Et puis, on se réveille tous les matins pour se rendre au boulot et poinçonner notre 8 à 5 tout en rêvant de cette époque où l’on se sentait « libre ». Donc, si je ne me trompe pas, on finit par ne jamais profiter du temps qui défile sous nos yeux. On déteste pendant un temps chacune des étapes de notre vie pour ensuite se les remémorer avec nostalgie. On est donc conçu de cette façon, j’imagine, à constamment envier ce que l’on n’a pas.

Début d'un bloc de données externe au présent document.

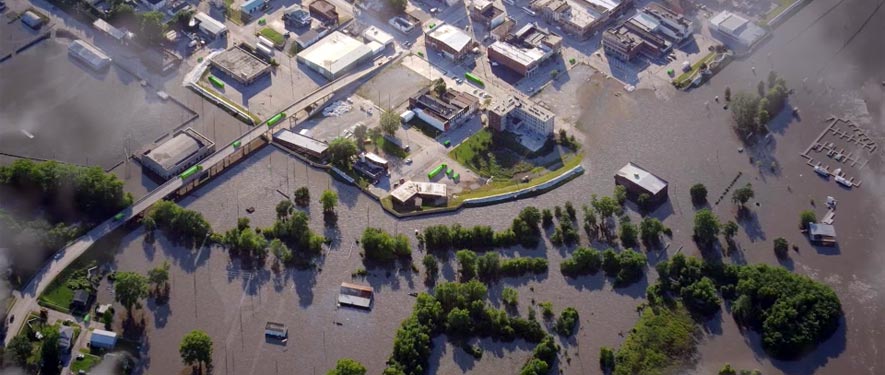 Carbondale, PA commercial storm cleanup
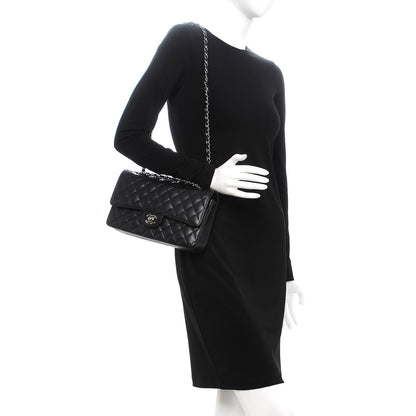 Chanel Caviar Quilted Medium Double Flap Black 2 of 10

Personnellement, la période que je regrette le plus est celle où j’étais à l’université. Je n’oublie pas tout le stress qui s’y rattachait : les échéanciers impossibles, la charge de travail parfois inhumaine, les nuits blanches, l’anxiété de performance, le manque de fonds, la conciliation études et travail et la conciliation études et vie sociale. Ah non, attendez, plutôt l’absence sporadique de vie sociale. Je me rappelle aussi que je devenais maligne lorsque mon entourage me radotait : « Profite s’en bien, ce sont les plus belles années de ta vie! ». Je les trouvais déplaisants de me faire ce genre de commentaire alors qu’il ne me restait que quelques cheveux sur la tête à cause des ravages de l’anxiété. La carence de sommeil et la panique avant la remise d’un travail ou avant un examen ne me manquent pas, je le concède. Par contre, je m’ennuie de cette époque où ma vie ne semblait pas toute tracée et où les possibilités étaient encore infinies. Mon cheminement scolaire n’a pas été linéaire, mais plutôt atypique. Et malheureusement, une fois terminé, je n’ai pas encore trouvé de métier qui me permettrait de m’épanouir, mais il s’agit sans doute d’une part de mauvais choix d’orientation et du marché de l’emploi qui n’est pas du tout évident dans mon domaine. Ma situation de précarité, je ne l’ai pas choisie, elle vient avec.
Avec du recul, je me rends compte que j’aurais pu faire les choses autrement. Tout d’abord en me fixant des objectifs beaucoup plus réalisables. Je n’étais pas obligée de faire mes études dans les quatre ans prescrits par le programme. Pourquoi avoir été pressée de terminer et ne pas avoir apprécié davantage ces moments uniques? Où se situait l’urgence? Ne pas avoir eu honte d’avoir plusieurs fois changé de branche aurait également pu diminuer la pression que je m’affligeais.
Alors, si toi aussi tu es encore aux études, prends le temps de choisir. Essaie autre chose si tu n’aimes pas. Une fois que ta vie « d’adulte » aura commencé, il te sera plus difficile de retrouver la liberté de choisir où tu vas passer le plus clair de ton temps : au travail. N’aie pas honte de faire différemment. Sois fier de t’écouter, d’essayer de recommencer, de te tromper et d’enfin avoir la chance de trouver. Prends le temps d’étudier tard le soir, de toute façon, crois-moi, on ne meurt pas du manque de sommeil. Fais des siestes, c’est aujourd’hui ou sinon à la retraite. Rencontre tes amis pour l’étude, amuse-toi avec eux à peu de frais. N’aie pas peur de donner de l’énergie, ça en vaut vraiment la peine par la suite. Dis-toi que tu investis dans ton avenir, tu te donnes la chance de pouvoir avoir envie de te rendre au boulot et de ne pas voir le temps passer. Tout le contraire de tes emplois étudiants! Ne choisis pas ton programme trop vite, en regardant seulement le salaire ou le taux de placement. Oui, ça compte (j’aurais dû le faire), mais ce n’est pas tout ce qui compte. Donne-toi une chance de pouvoir apprécier.